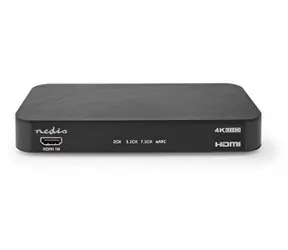 Nedis ACON3435AT / Konwerter audio / rozdzielacz eARC / HDMI / TosLink / 192kHz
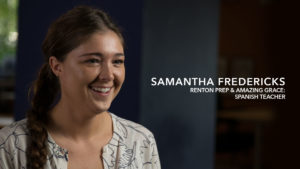 Renton Story: Samantha Fredericks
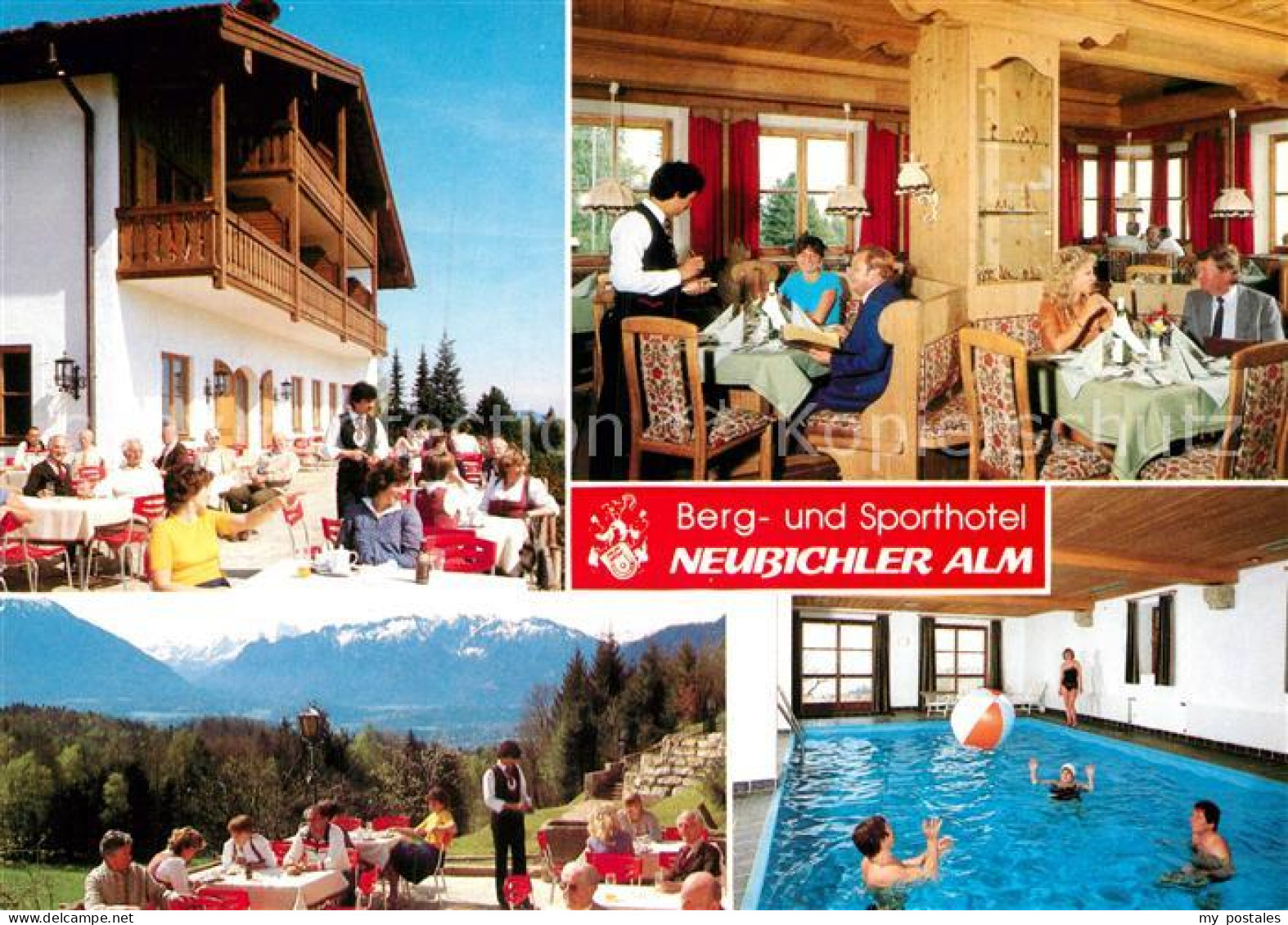 72935320 Bad Reichenhall Piding Sporthotel Neubichler Alm Bad Reichenhall - Bad Reichenhall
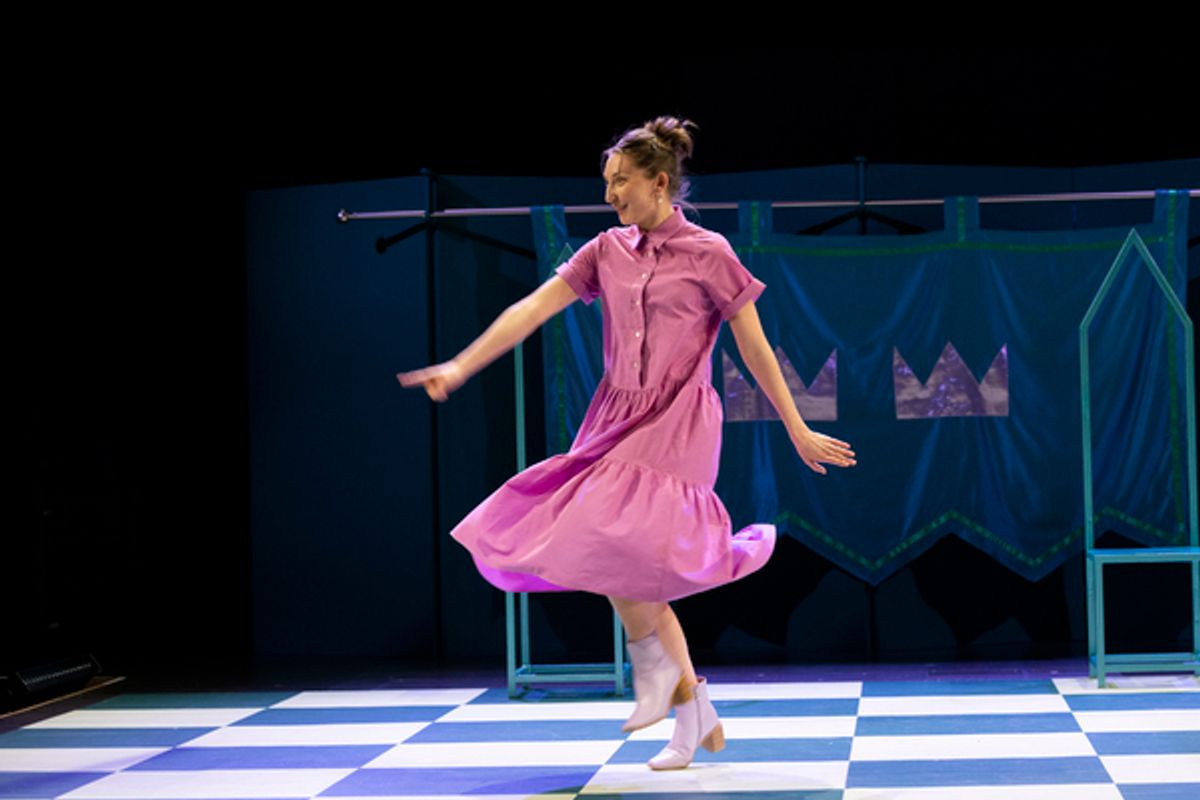 Chanel Waddock at Photos: First Look at Jude Christian and Tinuke Craig's Retelling of HAMLET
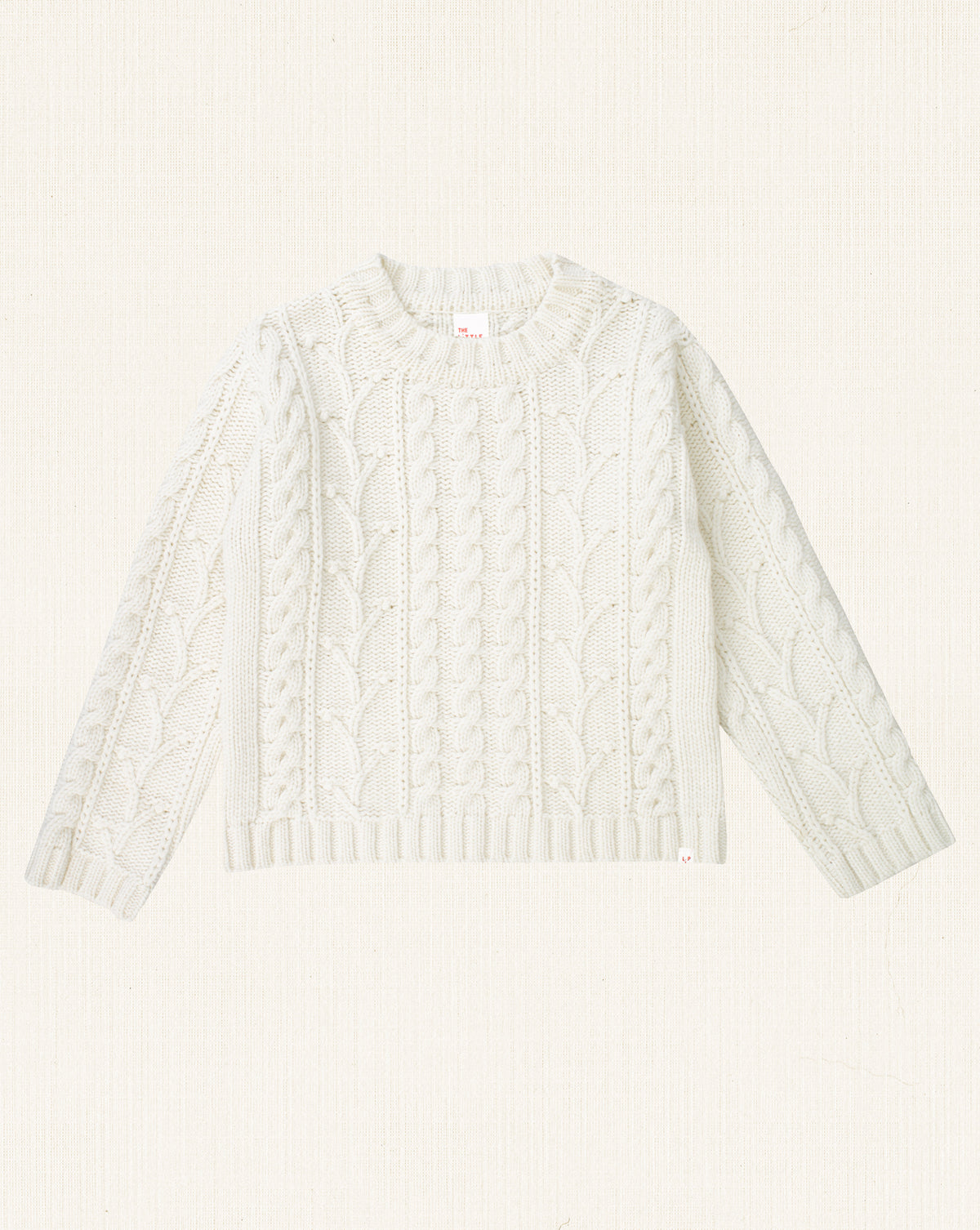 Clara Wool Sweater Ecru (Special Edition)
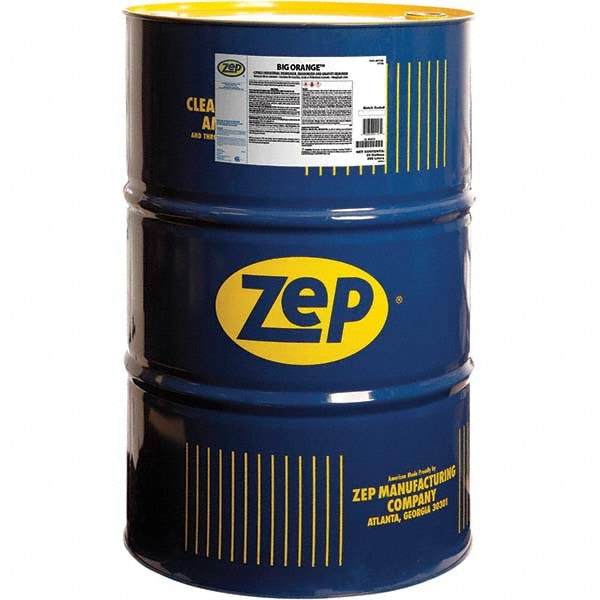 ZEP - Big Orange Liquid Citrus Industrial Degreaser, Deodorizer ...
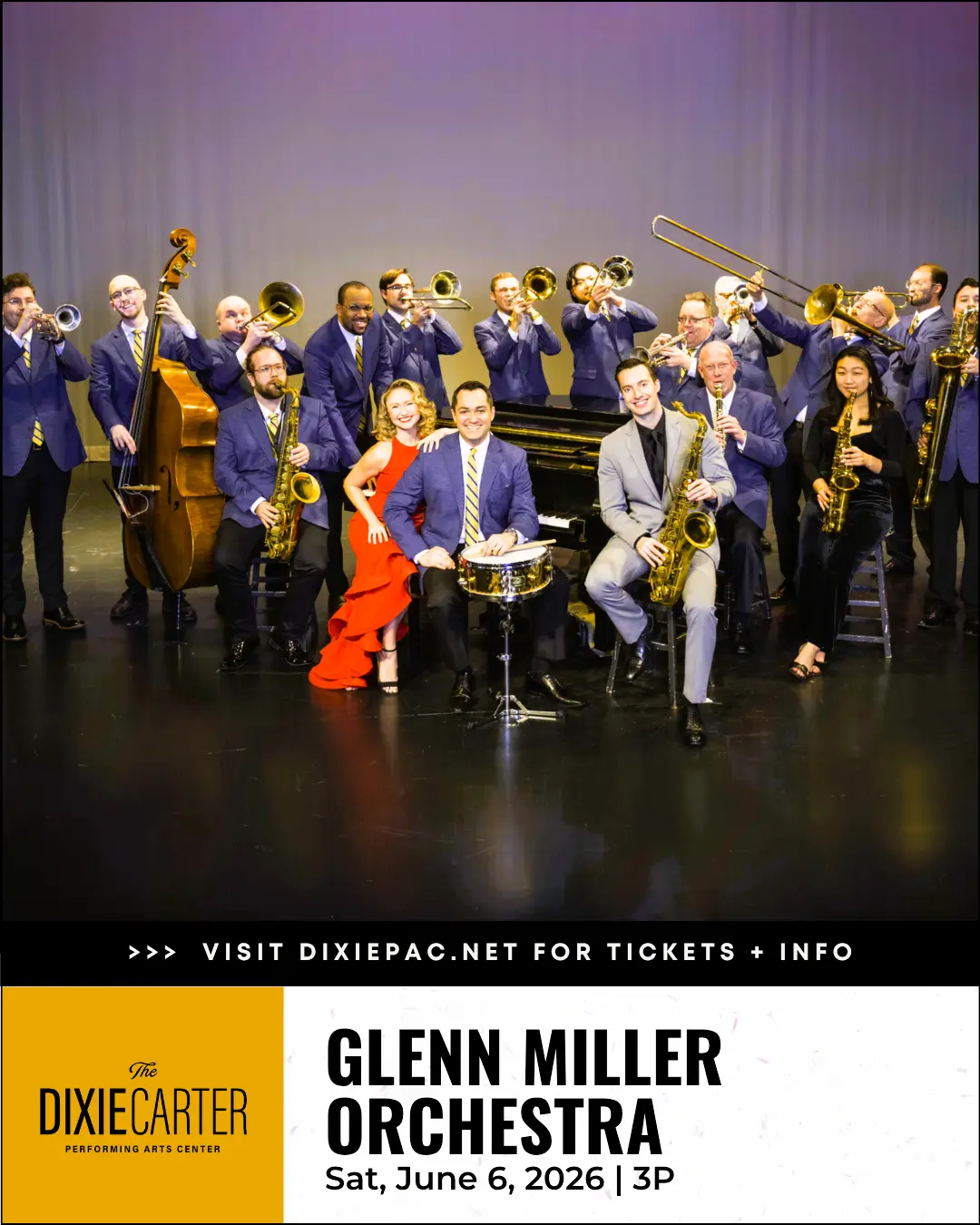 Glenn Miller Orchestra At The Dixie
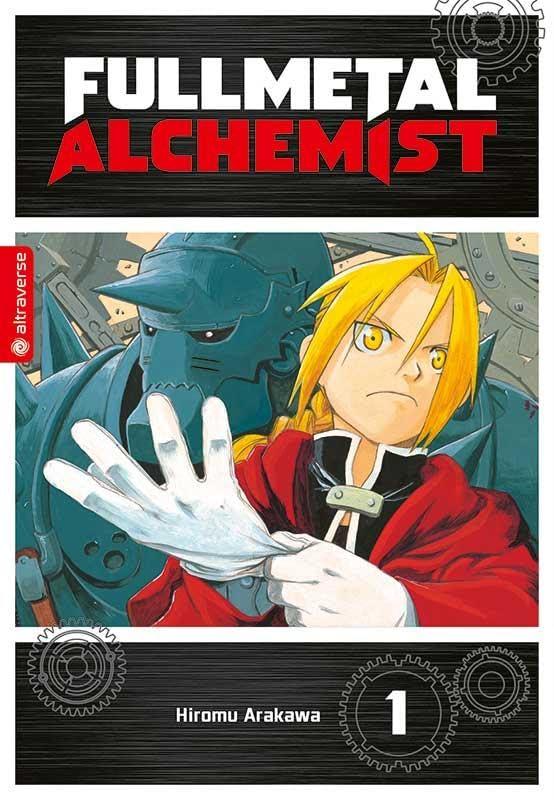 Fullmetal Alchemist Ultra Edition 01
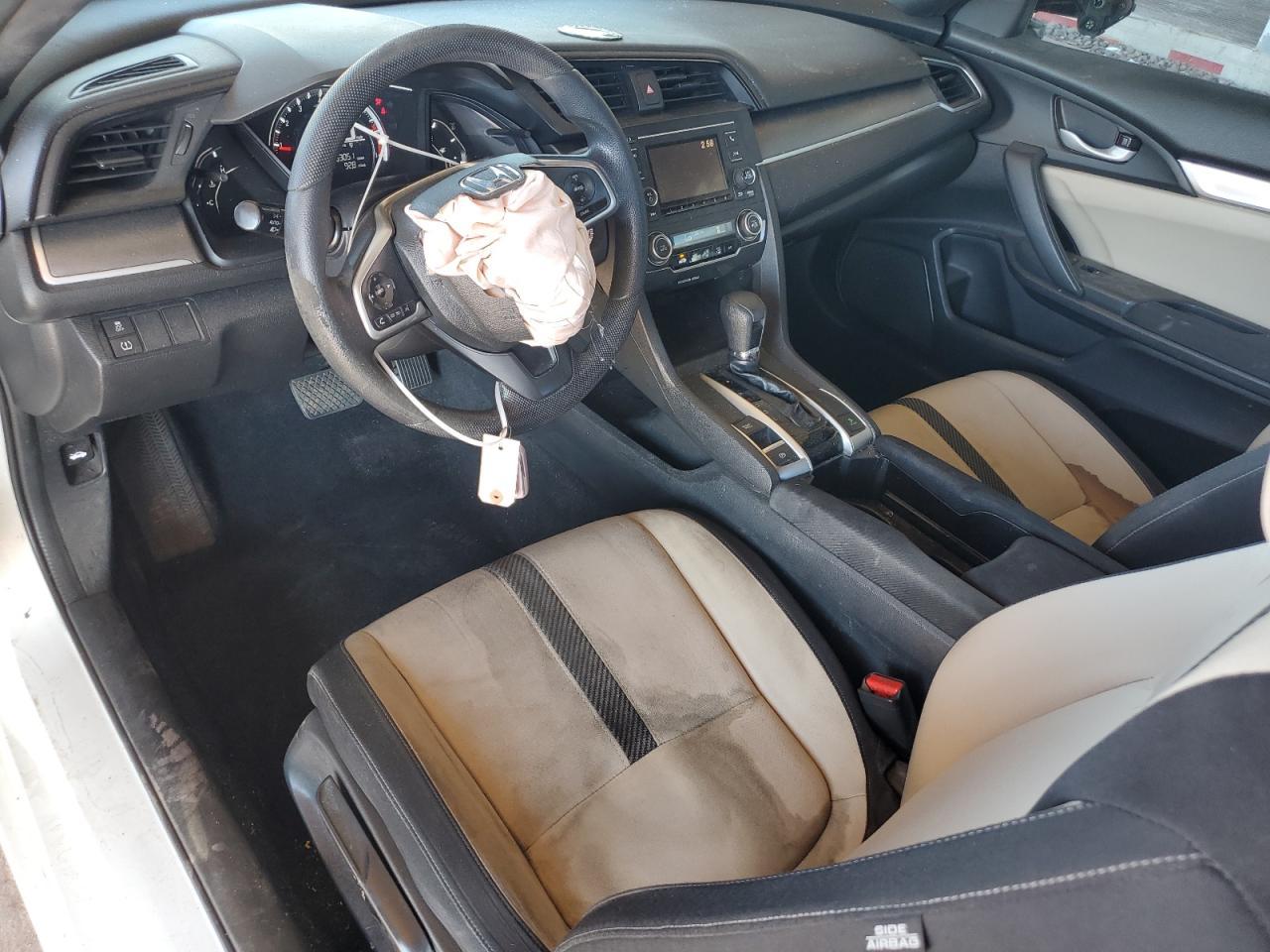 2016 HONDA CIVIC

## DIRECTIONS
With the pictures left out, output exactly the lines from the one with "Fullmetal Alchemist Ultra Edition 01" through the end of the listing above, both ends included.

## YOUR RESPONSE
 Fullmetal Alchemist Ultra Edition 01
 2016 HONDA CIVIC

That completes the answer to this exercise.